617. Outras interpretações: Kobs não considera a “terra” tão beligerante quanto o “mar”, motivo pelo qual interpreta a “besta-cordeiro”, como a denomina, como sendo o novo mundo da América, que começou tão devoto e cristão com os pais peregrinos, mas depois auxiliou o catolicismo (a primeira besta) a obter poder crescente, desenvolvendo-se por fim até a criação da bomba atômica (v. 13). Contudo, o jeito de cordeiro e a voz de dragão não surgem, no texto, um após o outro. Em momento algum a segunda besta serve para amenizar, mas para aguçar. Langenberg entende por “terra” o “território” da Palestina, enquanto segundo ele a primeira besta surge do “mar” dos povos. Contudo, nesse texto “terra” constitui um conceito global, como revela desde logo a comparação de “terra” no v. 8 com o v. 7. Segundo de Wette, a segunda besta pertence à “terra” enquanto mundo humano, não ao mundo além do perceptível, como a primeira besta, que procede do abismo. Entretanto, cf. o comentário seguinte (trindade satânica!).

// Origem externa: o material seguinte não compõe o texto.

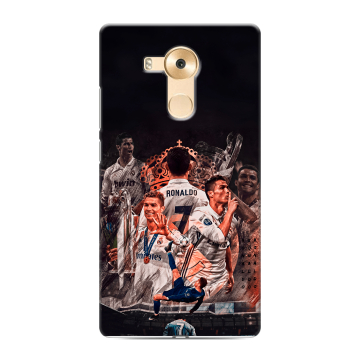 Силиконовый чехол на Huawei Mate 8 с принтом Реал Роналдо Real Ronaldo
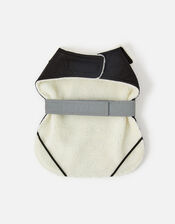 Quilted Dog Jacket with Reflector Strap, Black (BLACK), large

618. De modo similar em 1Sm 28.13: “Estou vendo um espírito subindo da terra!” (blh).

619. “Cordeiro” pode designar tanto o carneiro macho com chifres quanto também a ovelha fêmea. Em ambos os casos, no entanto, trata-se do animal jovem. Para o serviço sacrificial a prescrição era de carneiros machos (cf. Áries) de um ano de idade.

620. A contraposição de aspecto e voz é característica de João: Jo 5.37. Voz como sinal de reconhecimento: Jo 10.27; 20.16.

621. Em passagens importantes eles aparecem entre três: Ap 16.13; 20.10. Segundo Ap 19.20, a segunda besta é um profeta de mentira.

622. Cf. os sinais milagrosos que os magos faziam “diante de Faraó”: Êx 7.11,22.

623. Em 1Rs 22.22 existe, p. ex., um só espírito mentiroso nos lábios de muitos profetas.